Segment Open

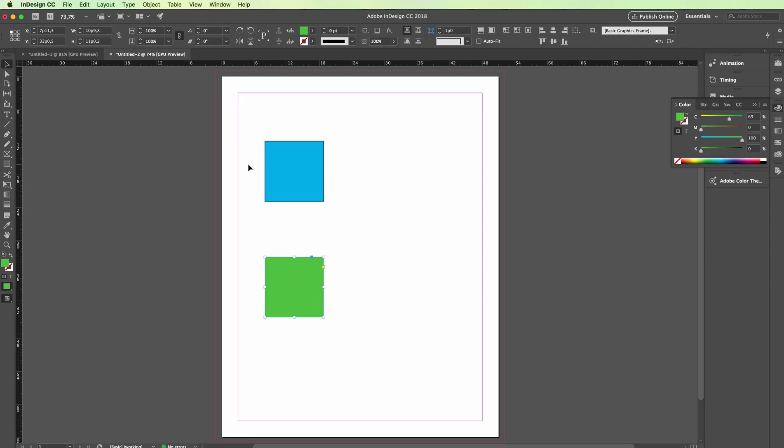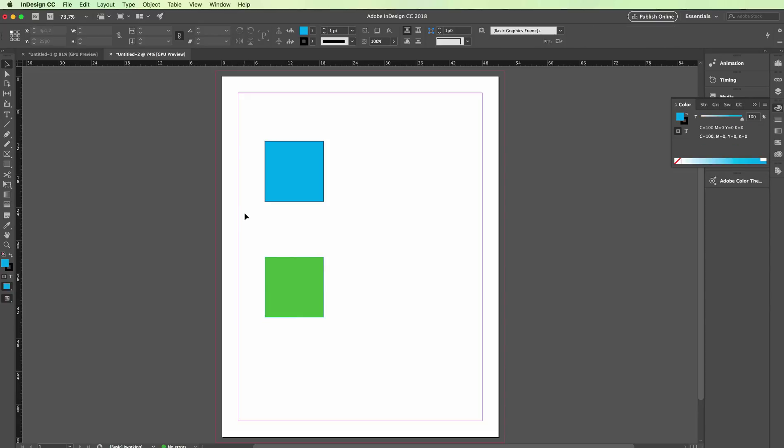Hey guys, in this video we're going to see how you can extract a color from a logo or an image in InDesign. The first thing you have to do is go on the very left and click and hold, then click this eyedropper tool.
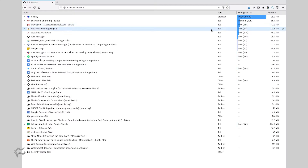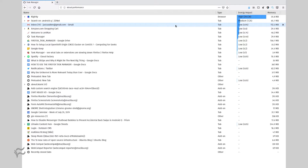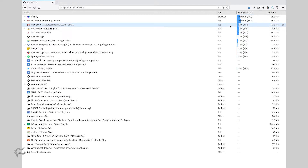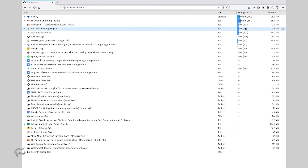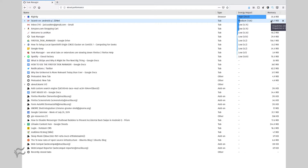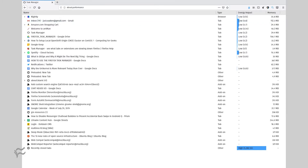When the task manager opens, click to see which tabs are using the most resources, hover your cursor over the tab in question, and click the associated X that appears in the right column. The offending tab will close, giving you back those precious system resources.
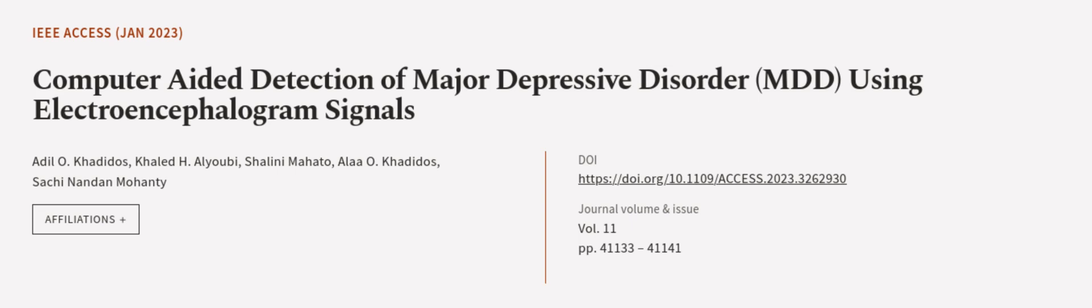This article was authored by Adil O. Kadidos, Khalid H. Alioubi, Shalini Mahato, and others.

Segment Closed

● INSTRUCTIONS TO FOLLOW
Before handing back the copy, remove the pictures; otherwise print the data exactly.

● THE ANSWER
Hey guys, in this video we're going to see how you can extract a color from a logo or an image in InDesign. The first thing you have to do is go on the very left and click and hold, then click this eyedropper tool.
When the task manager opens, click to see which tabs are using the most resources, hover your cursor over the tab in question, and click the associated X that appears in the right column. The offending tab will close, giving you back those precious system resources.
This article was authored by Adil O. Kadidos, Khalid H. Alioubi, Shalini Mahato, and others.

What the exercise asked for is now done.